1号館は1913年(大正2年)完成。のちに関東大震災で被害を受け、半分に縮小。
開港当初の横浜は船舶のための岸壁がなかった。1896年(明治29年)鉄さん橋(現・大さん橋)が完成したが、外国貿易の発展で急増した貨物輸送に対応するため、1899年(明治32年)東洋初の接岸式ふ頭として、新港ふ頭の建設が始まった。その一環として赤レンガ倉庫がつくられた。
第二次世界大戦により海外との貿易は途絶え、戦争における軍事物資の補給基地となった。終戦後アメリカ軍に接収され港湾司令部として使用されたが、やがて接収が終了し、1号倉庫は税関倉庫、2号倉庫は公共の上屋となり、再び海外との取引が始まった。
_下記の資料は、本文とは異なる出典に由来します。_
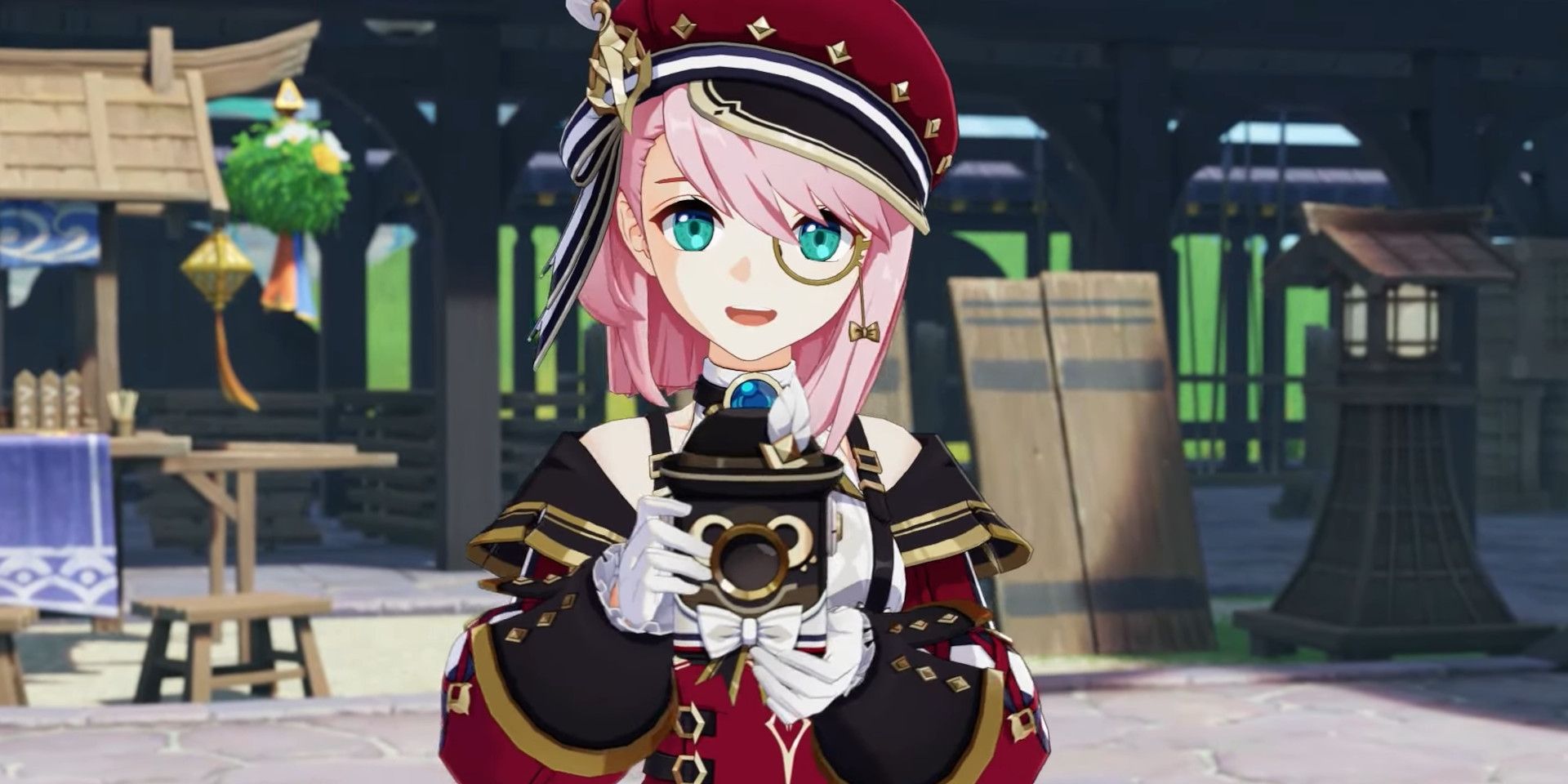Charlotte von Genshin Impact hält ein Kameragerät in ihren Händen und lächelt in die Richtung des Betrachters.  Sie befindet sich in Inazuma, wie der Stil der Dekorationen im Hintergrund zeigt.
コロナ禍でイベントなどは行われず、どこか寂しげな気配が漂う。汽車道と倉庫を眺め、当時の貨物輸送で賑わったであろう場所の記憶を想像する。
横浜市中区新港1丁目1番
海外へ通じた港駅
赤レンガ倉庫の近く、廃線跡の先には、旧横浜港駅のプラットホームが残されている。ここは1911年(明治44年)横浜税関内の荷扱所として使われ、1920年(大正9年)には横浜港駅となり、東京駅からの汽船連絡列車も往来するようになった。大正から昭和にかけて臨港列車で東京駅から新港埠頭間を往来。蒸気機関車と5両の客車から構成され「岸壁列車」と呼ばれ親しまれた。その一番列車は、1920年(大正9年)7月23日出帆のシアトル航路「香取丸」向けに運行したものだった。関東大震災復興した1928年(昭和3年)には外航ターミナルの旧横浜駅プラットホームが設けられ海外と外航が盛んに行われた。
近くには旧税関事務所の遺構も残っており、この辺りは今も変わらずに人々に親しまれている。
最初の鉄道
1872年(明治5年)5月7日、横浜 ― 品川間を初めてテスト営業として鉄道が走った。その4ヵ月後の9月12日、区間が新橋まで延長され横浜―新橋間での営業が行われた。
1日9往復で運転時間は53分であった。当初横浜駅のあった場所は現在のJR桜木町駅、新橋駅は現在の汐留であった。この区間の移動には当時馬車で4時間以上かかったため、53分での運行は人々を大いに驚かせたのではないだろうか。
その初代横浜駅跡には、当時のレールを利用して作られた「鉄道発祥の地記念碑」がひっそりと残されている。